When students face challenges with EViews assignments, expert EViews homework support can be highly advantageous:

  • Expert Guidance: Our experts provide homework assistance on model estimation, diagnostics, and interpretation of results.
  • Time Efficiency: It is much simpler for our experts to resolve technical problems and implement the models correctly. It helps you save time on your assignments.
  • Learning Opportunity: Students can enhance their knowledge of volatility modelling and acquire deeper understanding by collaborating with our eviews experts.

2. How to get EViews Assignment Help

Visit our website tutorhelpdesk.com or visit this link https://www.tutorhelpdesk.com/homeworkhelp/Statistics-/Eviews-Assignment-Help.html to post your eviews assignment. We will evaluate your assignment and revert with a affordable price quote and complete your assignment with strict adherence to the instructions and rubric before the deadline.
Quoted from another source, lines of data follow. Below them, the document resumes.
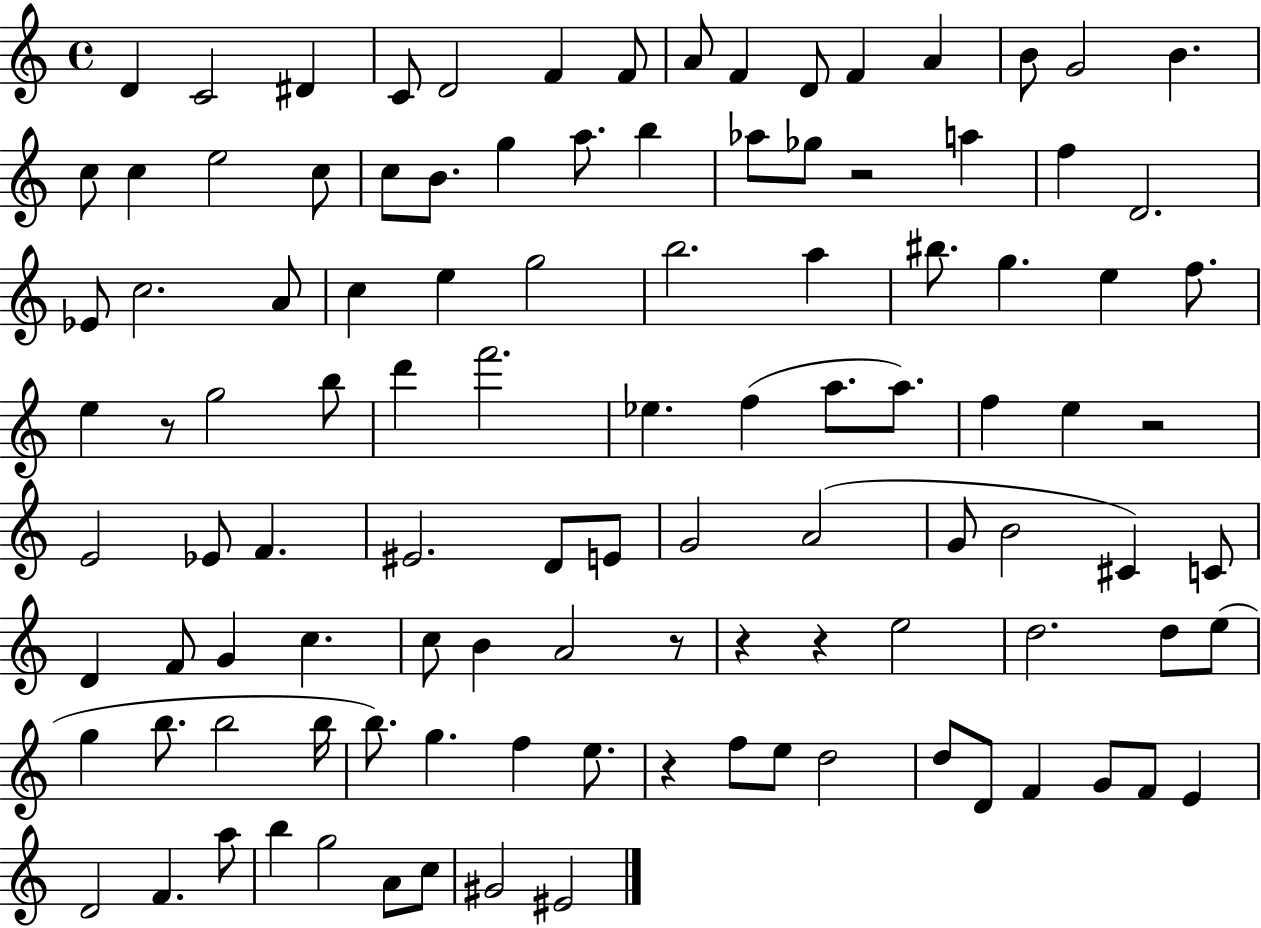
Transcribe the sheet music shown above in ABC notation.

X:1
T:Untitled
M:4/4
L:1/4
K:C
D C2 ^D C/2 D2 F F/2 A/2 F D/2 F A B/2 G2 B c/2 c e2 c/2 c/2 B/2 g a/2 b _a/2 _g/2 z2 a f D2 _E/2 c2 A/2 c e g2 b2 a ^b/2 g e f/2 e z/2 g2 b/2 d' f'2 _e f a/2 a/2 f e z2 E2 _E/2 F ^E2 D/2 E/2 G2 A2 G/2 B2 ^C C/2 D F/2 G c c/2 B A2 z/2 z z e2 d2 d/2 e/2 g b/2 b2 b/4 b/2 g f e/2 z f/2 e/2 d2 d/2 D/2 F G/2 F/2 E D2 F a/2 b g2 A/2 c/2 ^G2 ^E2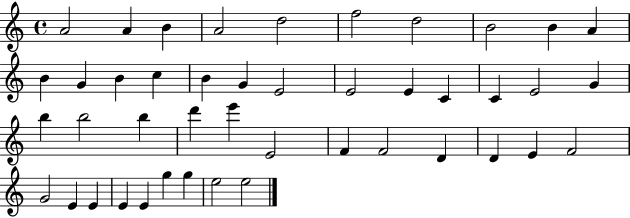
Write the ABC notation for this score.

X:1
T:Untitled
M:4/4
L:1/4
K:C
A2 A B A2 d2 f2 d2 B2 B A B G B c B G E2 E2 E C C E2 G b b2 b d' e' E2 F F2 D D E F2 G2 E E E E g g e2 e2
You may also register on our website for free to upload and manage your assignment orders.

Conclusion

ARCH and GARCH models in EViews are powerful tools for volatility modeling which helps in analyzing the financial time-series data. While ARCH models are simpler and suitable for short-term volatility, GARCH models provide greater flexibility and accuracy for long-term forecasting. Understanding these models and their applications and taking the assistance of eviews experts helps students succeed in their EViews tasks as well as improve their understanding of econometrics.

If you are wondering, how to do my eviews homework, then we have the right solutions and right experts to work for you in not only completing your assignments but also guide you how to perform the steps in eviews for a comprehensive support. We also offer free doubt clearing session to address all your queries related to the solution.

Recommended Textbooks for Beginners

  • Econometrics For Dummies by Roberto Pedace
  • A comprehensive guide that simplifies complex econometric concepts, making them accessible for beginners.

FAQs

1. What is volatility modeling in financial econometrics?

The purpose of volatility modeling is to estimate and examine the variability of the returns of the financial assets. It plays a strategic role in the identification of the risk and return relationship, that is crucial for portfolio management, risk evaluation, and in the pricing of derivatives.

2. How do I choose between ARCH and GARCH models?

It depends on the type of your data, as well as on the purpose of data analysis and others factors. ARCH type models are easier but efficient for the short-term volatility while GARCH type models are more flexible to measure the long run volatility patterns.

What are common challenges in volatility modeling?

  • Data Quality: Wrong model estimation can be caused due to wrong or incomplete data
  • Model Specification: Establishing the right model order and type is very important.
  • Parameter Estimation: Parameter estimation is in fact quite challenging, especially in the case of complicated models.

3. How can students benefit from EViews assignment help?

  • Expert Guidance: Our skilled individuals can offer an accurate insight into model estimation, diagnostics, and interpretation.
  • Time Efficiency: Technical problems can be fixed by the experts while guaranteeing the correct model application.
  • Enhanced Learning: Students are able to get better and more profound knowledge of volatility modeling when working with the qualified experts.

4. Can I use EViews for other types of econometric modeling?

Yes, EViews is an all-round software that can be used for different kinds of econometric modeling which are time series, panel data and cross section data analysis.